I would create a third table to store the content you want to index. No need to store this content redundantly -- store it solely in the third table. This borrows a concept of a "common superclass" from object-oriented design (insofar as we can apply it to RDBMS design).

CREATE TABLE Searchable (
  `id` SERIAL PRIMARY KEY,
  `title` varchar(100) default NULL,
  `description` text,
  `keywords` text,
  `url` varchar(255) default '',
  FULLTEXT KEY `TitleDescFullText` (`keywords`,`title`,`description`,`url`)
) ENGINE=MyISAM DEFAULT CHARSET=utf8;

CREATE TABLE `shopitems` (
  `id` INT UNSIGNED NOT NULL,
  `ShopID` INT UNSIGNED NOT NULL,
  `ImageID` INT UNSIGNED NOT NULL,
  `pricing` varchar(45) NOT NULL,
  `datetime_created` datetime NOT NULL,
  PRIMARY KEY (`id`),
  FOREIGN KEY (`id`) REFERENCES Searchable (`id`)
) ENGINE=MyISAM DEFAULT CHARSET=utf8;

CREATE TABLE `shops` (
  `id` INT UNSIGNED NOT NULL,
  `owner_id` varchar(255) default NULL,
  `datetime_created` datetime default NULL,
  `created_by` varchar(255) default NULL,
  `datetime_modified` datetime default NULL,
  `modified_by` varchar(255) default NULL,
  `overall_rating_avg` decimal(4,2) default '0.00',
  PRIMARY KEY (`id`),
  FOREIGN KEY (`id`) REFERENCES Searchable (`id`)
) ENGINE=MyISAM DEFAULT CHARSET=utf8;

Notice the only table with an auto-increment key is now Searchable.
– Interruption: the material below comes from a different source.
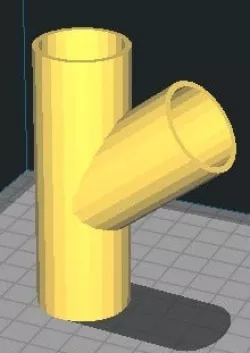 Customized fitting for pvc tube 25mm 3 (Encaixe personalizado para tubo de PVC 25mm 3) instagram: @camtec3d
The tables shops and shopitems use a key with a compatible data type, but not auto-increment. So you must create a row in Searchable to generate the id value, before you can create the corresponding row in either shops or shopitems.

I've added FOREIGN KEY declarations for illustration purposes, even though MyISAM will silently ignore these constraints (and you already know that you must use MyISAM to have support for fulltext indexing).
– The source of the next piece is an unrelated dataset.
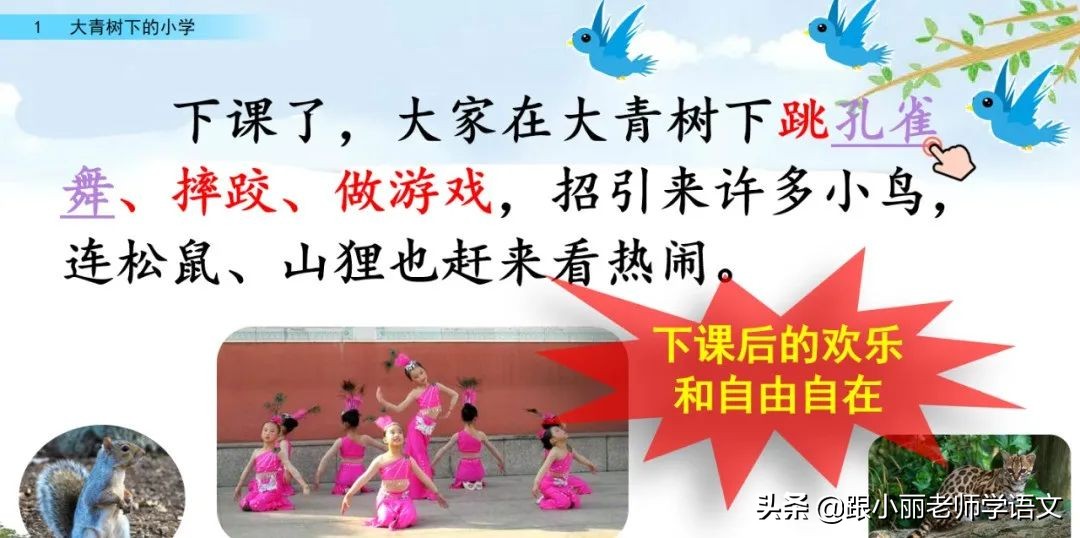 大青树下的小学重要背诵内容,大青树下的小学重点知识点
Now you can search the textual content of both shops and shopitems in a single query, using a single fulltext index:

SELECT S.*, sh.*, si.*,
  MATCH(keywords, title, description, url) AGAINST('dummy') As score
FROM Searchable S
LEFT OUTER JOIN shops sh ON (S.id = sh.id)
LEFT OUTER JOIN shopitems si ON (S.id = si.id)
WHERE MATCH(keywords, title, description, url) AGAINST('dummy')
ORDER BY score DESC;

Of course, for a given row in Searchable only one table should match, either shops or shopitems, and these tables have different columns. So either sh.* or si.* will be NULL in the result. It's up to you to format the output in your application.
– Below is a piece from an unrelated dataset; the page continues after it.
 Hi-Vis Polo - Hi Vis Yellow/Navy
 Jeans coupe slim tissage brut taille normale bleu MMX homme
A couple of other answers have suggested using Sphinx Search. This is another technology that complements MySQL and adds more sophisticated full-text search capability. It has great performance for queries, so some people have gotten pretty enchanted with it.

But creating indexes and especially adding to an index incrementally is expensive. In fact, updating a Sphinx Search index is so costly that the recommended solution is to create one index for older, archived data, and another smaller index for recent data that is more likely to be updated. Then every search has to run two queries, against the two separate indexes. And if your data doesn't naturally lend itself to the pattern of older data being unchanging, then you may not be able to take advantage of this trick anyway.


Re your comment: Here's an excerpt from the Sphinx Search documentation about live updates to an index:

There's a frequent situation when the total dataset is too big to be reindexed from scratch often, but the amount of new records is rather small. Example: a forum with a 1,000,000 archived posts, but only 1,000 new posts per day.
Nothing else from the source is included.